Re: Rare SSL failures on eelpout

From: Tom Lane <tgl(at)sss(dot)pgh(dot)pa(dot)us>
To: Thomas Munro <thomas(dot)munro(at)gmail(dot)com>
Cc: Pg Hackers <pgsql-hackers(at)postgresql(dot)org>
Subject: Re: Rare SSL failures on eelpout
Date: 2019-03-04 22:35:44
Message-ID: 30952.1551738944@sss.pgh.pa.us
Views: Raw Message | Whole Thread | Download mbox | Resend email
Thread:
Lists: pgsql-hackers

Thomas Munro <thomas(dot)munro(at)gmail(dot)com> writes:
> On Tue, Mar 5, 2019 at 10:08 AM Tom Lane <tgl(at)sss(dot)pgh(dot)pa(dot)us> wrote:
>> It's all very confusing, but I think there's a nontrivial chance
>> that this is an OpenSSL bug, especially since we haven't been able
>> to replicate it elsewhere.

> Hmm. Yes, it is strange that we haven't seen it elsewhere, but
> remember that very few animals are running the ssl tests; also it
> requires particular timing to hit.

True. I've spent some time today running the ssl tests on various
machines here, without any luck reproducing.

> OK, here's something. I can reproduce it quite easily on this
> machine, and I can fix it like this:

> libpq_gettext("could not send startup packet: %s\n"),
> SOCK_STRERROR(SOCK_ERRNO, sebuf, sizeof(sebuf)));
> free(startpacket);
> + pqHandleSendFailure(conn);
> goto error_return;
> }

Yeah. But I don't like pqHandleSendFailure all that much: it has strong
constraints on what state libpq has to be in, as a consequence of which
it's called from a bunch of ad-hoc places, and can't be called from
some others. It's kind of accidental that it will work here.

I was toying with the idea of getting rid of that function in
favor of a design like this:

* Handle any socket-write failure at some low level of libpq by
recording the fact that the error occurred (plus whatever data we
need to produce a message about it), and then starting to just
discard output data.

* Eventually, we'll try to read.

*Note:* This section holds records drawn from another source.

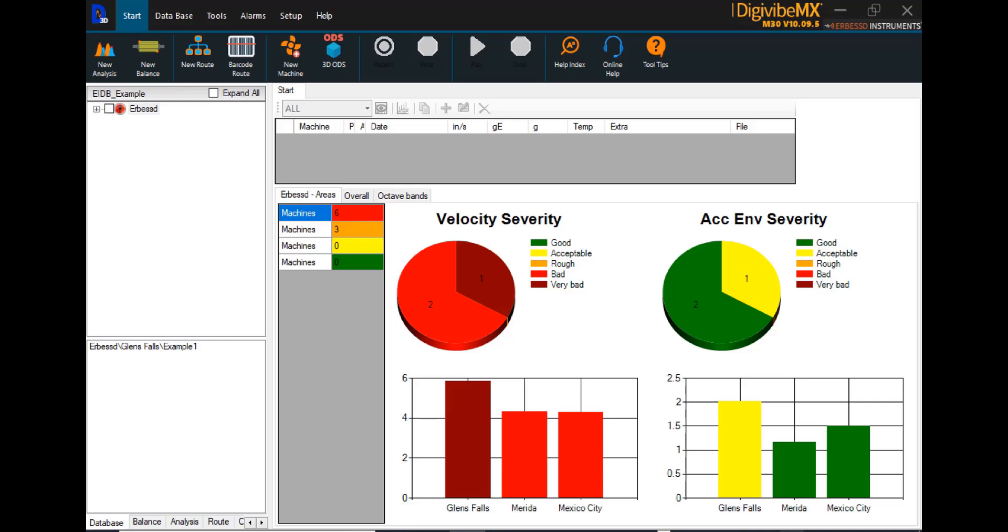Hello, and welcome to this instructional video from Airvest Instruments. The subject of this video is machine creation and route data collection using DigiVibe MX software. These instructions are applicable to versions M20 and M30, both of which have vibration analysis and data collection capabilities.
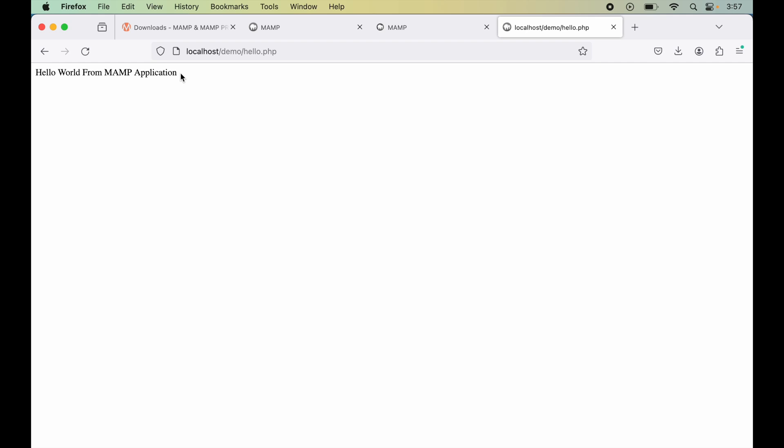So this is how we can create any PHP project. Now, if you want to create a WordPress website on MAMP server, then do watch the next video. I hope this video was useful to you.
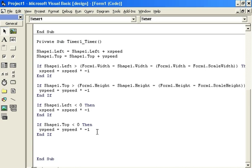So if it goes right to the bottom of the screen, then bounce up. The next one: If Shape1.Left is less than 0, then XSpeed equals XSpeed times minus 1 — so if it goes all the way to the left, then bounce. If Shape1.Top is less than 0, then YSpeed equals YSpeed times minus 1 — so if it goes all the way to the top, then bounce. So these two are pretty easy to understand: less than 0, less than 0 — that's for the top left.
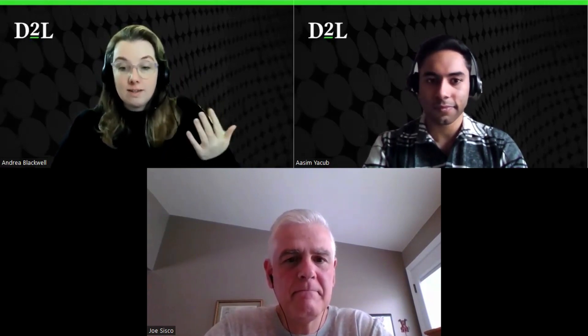Joe, thank you so much for joining us. You made a wonderful point about VideoNote being used to engage learners. We'd love to get your insight into how VideoNote is engaging learners through accessible means as well.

Process any available input data
as usual (and, if we get a read error, report that). When no more
input data is available, if a socket write failure has been recorded,
report that much as if it were an incoming ERROR message, and then
shut down the connection.

This would essentially give us pqHandleSendFailure-like behavior
across the board, which might be enough to fix this problem as well as
bug #15598. Or not ... as you say, we haven't thoroughly understood
either issue, so it's possible this wouldn't do it.

This would have the effect of prioritizing reports of socket read
failures over those of write failures, which is an interesting
behavioral change, but offhand I can't see a problem with it.

One thing that isn't real clear to me is how much timing sensitivity
there is in "when no more input data is available". Can we assume that
if we've gotten ECONNRESET or an allied error from a write, then any
data the far end might've wished to send us is already available to
read? In principle, since TCP allows shutting down either transmission
direction independently, the server could close the read side of its
socket while continuing to transmit data. In practice, PG servers
don't do that; but could network timing glitches create the same effect?
Even if it's possible, does it happen enough to worry about?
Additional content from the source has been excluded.